Abstract 1616: Galectin-4 interferes with the integrin β4/Src/FAK cascade and attenuates metastasis in urothelial carcinoma

Abstract

Abstract Galectin-4 (Gal-4), a multifunctional lectin, is presented at both intracellular and extracellular sites. Recent studies have shown that Gal-4 plays certain role in attenuating cancer progression and metastasis. We have also observed that patients with urothelial carcinoma (UC) with the lower Gal-4 expression were at higher grade and stage. In addition, the Gal-4 expression is inversely associated with lymph node invasion and prognosis. Since how Gal-4 attenuates the cancer metastasis in UC has not been well investigated, the goal of the present study is to understand the role of Gal-4 in UC progression. We ectopically expressed Gal-4 in UC cells and found that increased Gal-4 significantly inhibits cell proliferation, colony formation, migration, and invasion. We also demonstrated that Gal-4 overexpression leads to a significant decrease the adhesion of UC cells to the basement membrane substrate laminin. Mechanistically, we found that Gal-4 overexpression significantly reduces the expression of the laminin receptor integrin α6β4. Besides to downregulation of integrin β4, Gal-4 overexpression also reduces phosphorylation of Src and focal adhesion kinase (FAK) and promotes anoikis. Together, the present results revealed that Gal-4 reduces the metastasis activity of UC cells by interfering integrin β4/Src/FAK cascade, which are of essential to prevent the suspended cells from anoikis. These results suggest that Gal-4 could be considered as a pivotal factor in the migration and invasion of UC cells.
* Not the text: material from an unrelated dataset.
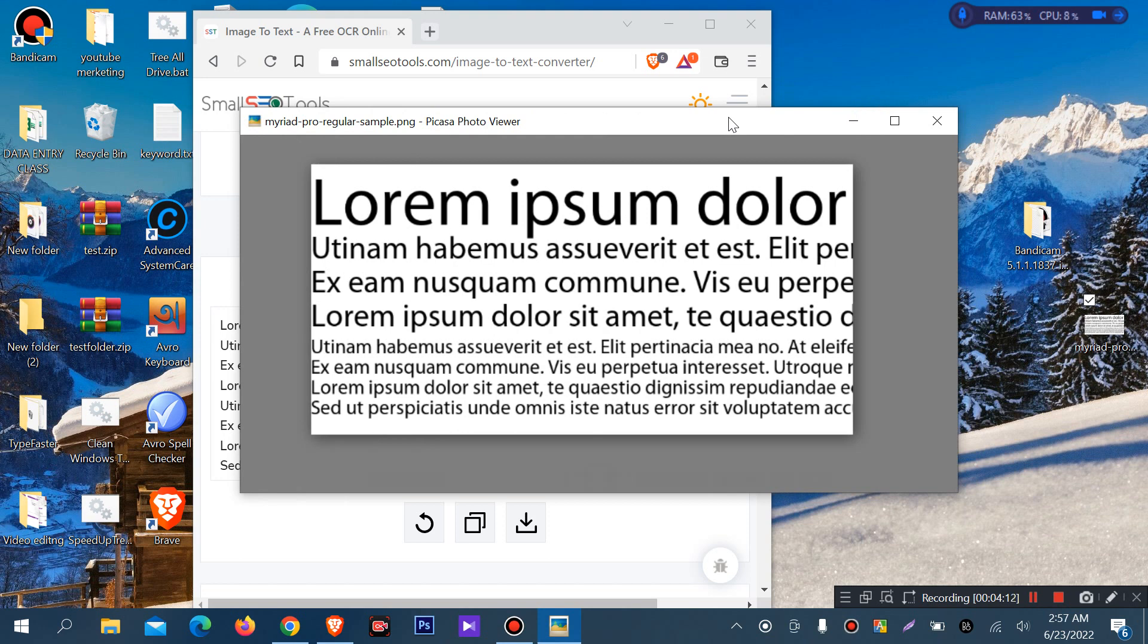If you change the background to white, then the original data will be extracted perfectly.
Key words: Galectin-4, integrin β4, migration, invasion, metastasis, anoikis, urothelial cancer Citation Format: Li-Fang Lin, Meei-Maan Wu, Te-Chang Lee. Galectin-4 interferes with the integrin β4/Src/FAK cascade and attenuates metastasis in urothelial carcinoma. [abstract]. In: Proceedings of the 107th Annual Meeting of the American Association for Cancer Research; 2016 Apr 16-20; New Orleans, LA. Philadelphia (PA): AACR; Cancer Res 2016;76(14 Suppl):Abstract nr 1616.